• What the task asks
From top to bottom, return the listing exactly as it appears, omitting its images.

• Information shown

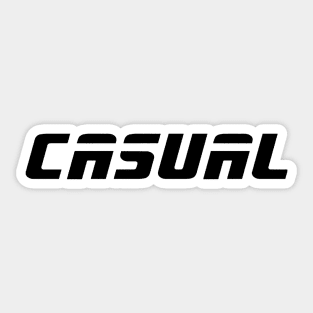 UFC Casual Sticker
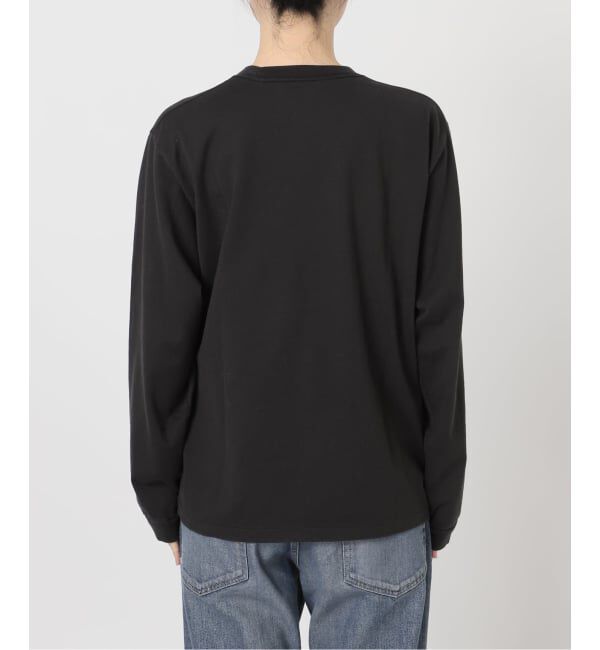 FRAMeWORK「ホースフォトロングTシャツ」|Tシャツ・カットソー|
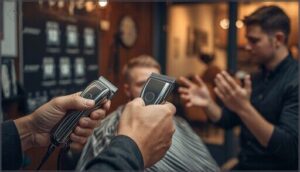 communicating blade size choices to barbers communicating blade size choices to barbers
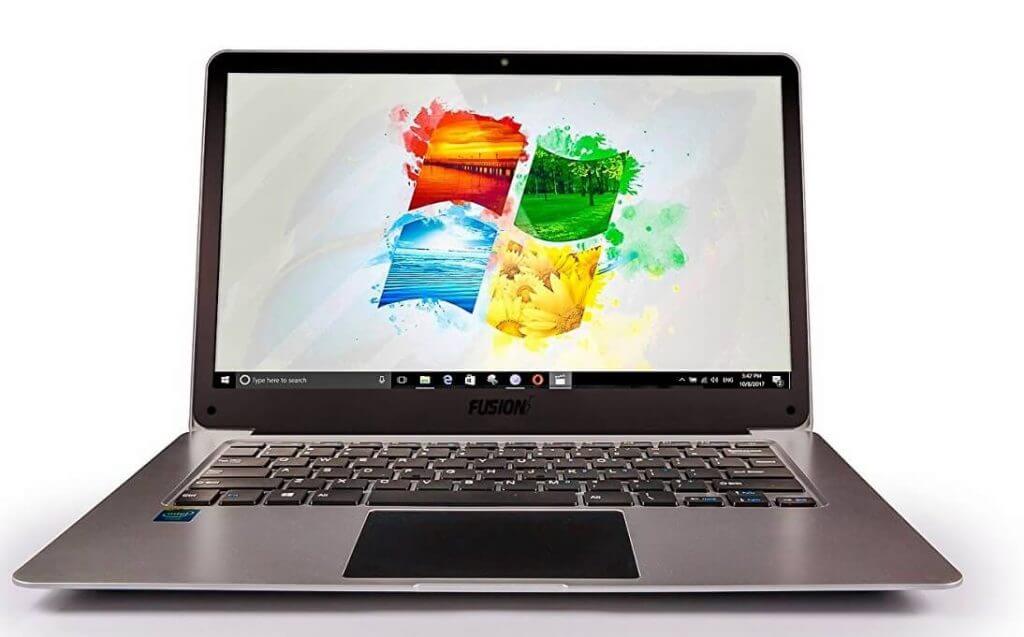 Fusion 5 windows 10 laptop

• Reply
 UFC Casual Sticker
 FRAMeWORK「ホースフォトロングTシャツ」|Tシャツ・カットソー|
 communicating blade size choices to barbers communicating blade size choices to barbers
 Fusion 5 windows 10 laptop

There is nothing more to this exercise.